Thursday, December 18, 2014

A Few Thoughts



I thought about this one today as I wrote college recommendation letters for students. I guess I'm not a part of the real world, since whether I complete and submit the letter for my students by the deadline actually does matter. Sometimes in life, a single mistake actually has life altering consequences not only for ourselves, but others.

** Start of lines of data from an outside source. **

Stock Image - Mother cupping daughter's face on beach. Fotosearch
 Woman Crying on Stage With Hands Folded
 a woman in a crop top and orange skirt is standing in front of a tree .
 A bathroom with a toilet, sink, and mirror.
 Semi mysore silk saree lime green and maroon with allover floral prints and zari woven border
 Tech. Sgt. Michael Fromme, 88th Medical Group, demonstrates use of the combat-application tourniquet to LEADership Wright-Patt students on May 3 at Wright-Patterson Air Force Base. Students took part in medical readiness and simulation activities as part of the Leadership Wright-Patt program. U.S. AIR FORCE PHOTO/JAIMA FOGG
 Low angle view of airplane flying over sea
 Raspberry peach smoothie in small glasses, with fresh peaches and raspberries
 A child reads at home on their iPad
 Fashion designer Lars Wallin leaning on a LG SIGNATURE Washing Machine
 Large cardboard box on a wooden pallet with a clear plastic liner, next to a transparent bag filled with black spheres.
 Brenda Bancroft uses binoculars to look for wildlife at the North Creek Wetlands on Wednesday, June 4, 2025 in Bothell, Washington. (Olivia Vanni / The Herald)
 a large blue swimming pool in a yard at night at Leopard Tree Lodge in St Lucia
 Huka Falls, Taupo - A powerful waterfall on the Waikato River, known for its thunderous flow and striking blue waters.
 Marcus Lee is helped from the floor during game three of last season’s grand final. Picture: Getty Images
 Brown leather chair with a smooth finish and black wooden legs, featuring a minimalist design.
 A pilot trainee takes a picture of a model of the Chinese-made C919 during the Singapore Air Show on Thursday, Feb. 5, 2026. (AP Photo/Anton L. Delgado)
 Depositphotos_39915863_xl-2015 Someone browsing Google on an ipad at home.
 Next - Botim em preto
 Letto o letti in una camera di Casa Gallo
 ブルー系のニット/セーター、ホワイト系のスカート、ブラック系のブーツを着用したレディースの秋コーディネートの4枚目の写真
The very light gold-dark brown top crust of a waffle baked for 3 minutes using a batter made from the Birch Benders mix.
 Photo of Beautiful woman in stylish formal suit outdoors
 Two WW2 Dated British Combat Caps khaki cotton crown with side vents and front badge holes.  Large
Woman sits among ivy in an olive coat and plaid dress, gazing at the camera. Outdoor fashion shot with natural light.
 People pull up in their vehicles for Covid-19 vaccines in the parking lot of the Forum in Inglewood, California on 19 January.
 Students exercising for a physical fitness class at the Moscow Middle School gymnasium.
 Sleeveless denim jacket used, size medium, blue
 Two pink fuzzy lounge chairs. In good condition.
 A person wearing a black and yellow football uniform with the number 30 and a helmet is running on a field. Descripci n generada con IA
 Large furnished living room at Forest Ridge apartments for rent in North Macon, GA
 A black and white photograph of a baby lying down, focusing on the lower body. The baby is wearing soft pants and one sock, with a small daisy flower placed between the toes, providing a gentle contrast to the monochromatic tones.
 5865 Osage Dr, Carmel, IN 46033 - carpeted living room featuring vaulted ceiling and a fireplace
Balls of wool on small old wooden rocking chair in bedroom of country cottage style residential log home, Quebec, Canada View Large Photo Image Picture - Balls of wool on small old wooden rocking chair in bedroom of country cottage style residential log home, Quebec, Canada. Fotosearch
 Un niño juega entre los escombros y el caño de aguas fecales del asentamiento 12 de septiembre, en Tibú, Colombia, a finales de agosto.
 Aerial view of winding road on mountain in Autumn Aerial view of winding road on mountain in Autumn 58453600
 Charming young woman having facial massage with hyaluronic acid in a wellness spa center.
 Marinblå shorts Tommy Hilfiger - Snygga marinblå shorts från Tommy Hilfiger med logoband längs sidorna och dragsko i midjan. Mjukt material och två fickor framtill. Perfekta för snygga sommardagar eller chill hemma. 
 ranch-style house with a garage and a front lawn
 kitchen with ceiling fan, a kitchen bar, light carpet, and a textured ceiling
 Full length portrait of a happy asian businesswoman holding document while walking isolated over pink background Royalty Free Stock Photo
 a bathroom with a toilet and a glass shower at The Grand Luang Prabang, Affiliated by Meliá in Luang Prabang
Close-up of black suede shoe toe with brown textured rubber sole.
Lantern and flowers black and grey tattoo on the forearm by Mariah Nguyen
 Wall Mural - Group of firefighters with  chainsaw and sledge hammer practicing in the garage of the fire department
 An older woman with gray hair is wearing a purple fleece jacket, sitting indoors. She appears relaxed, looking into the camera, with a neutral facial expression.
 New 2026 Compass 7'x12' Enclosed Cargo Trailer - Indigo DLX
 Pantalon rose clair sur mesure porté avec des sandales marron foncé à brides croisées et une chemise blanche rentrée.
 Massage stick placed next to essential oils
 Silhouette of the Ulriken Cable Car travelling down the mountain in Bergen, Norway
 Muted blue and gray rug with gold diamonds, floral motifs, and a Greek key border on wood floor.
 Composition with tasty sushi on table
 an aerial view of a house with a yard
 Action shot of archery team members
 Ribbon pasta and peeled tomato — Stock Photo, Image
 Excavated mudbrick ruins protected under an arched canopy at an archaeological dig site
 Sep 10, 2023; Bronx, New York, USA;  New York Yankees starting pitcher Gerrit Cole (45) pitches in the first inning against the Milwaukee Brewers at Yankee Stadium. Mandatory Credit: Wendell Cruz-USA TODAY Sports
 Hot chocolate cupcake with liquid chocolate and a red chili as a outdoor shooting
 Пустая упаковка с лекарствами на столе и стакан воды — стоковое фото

I think it's pretty "pompous" to act like this issue is black and white and to paint teachers that require deadlines as uncaring or idiotically out of touch with reality. The fact is, we must balance accountability with understanding. How about giving us support in that instead of attacking from the outside.

2. Homework


This one has popped up in my newsfeed on several platforms lately. In my Psychology class I teach students to recognize that usually the phrase "research shows" is a power statement that people use to bolster a weak argument or to hide a lack of substance. Too often, research is cherry-picked to support our preconceived beliefs rather than used effectively to shape our practices. The research on homework is inconclusive and it would be foolish to strongly argue either side without enough humility to acknowledge you may be wrong. In the absence of a unified set of data to inform universal attitudes toward homework administrators, teachers, students, and parents must work together to discover what is best in a particular context.

3. An attempt to induce a little Cognitive Dissonance

No picture for this one, but it strikes me that sometimes the same voices that unilaterally dismiss the value of homework and deadlines love the way technology allows us to "extend the learning" beyond the school day. When did we go from thinking that a teacher lecturing in the classroom was bad instruction to thinking that a teacher lecturing to a student at home via video was great? And if spending a few hours reading and responding is an unreasonable burden for some students at home, how is spending a few hours watching a video and responding somehow manageable? I don't have a major problem with this type of "flipping", but when the same people who've bemoaned the burden of homework on students suddenly love the idea of technology providing the chance to keep students learning 24/7, I think you can't have it both ways.

4. Twitter and education.

Twitter has helped me grow as an educator in the last two years more than any other professional development in my career. If you're not using it, I won't say you must, but you really should give it a try and not be dismissive.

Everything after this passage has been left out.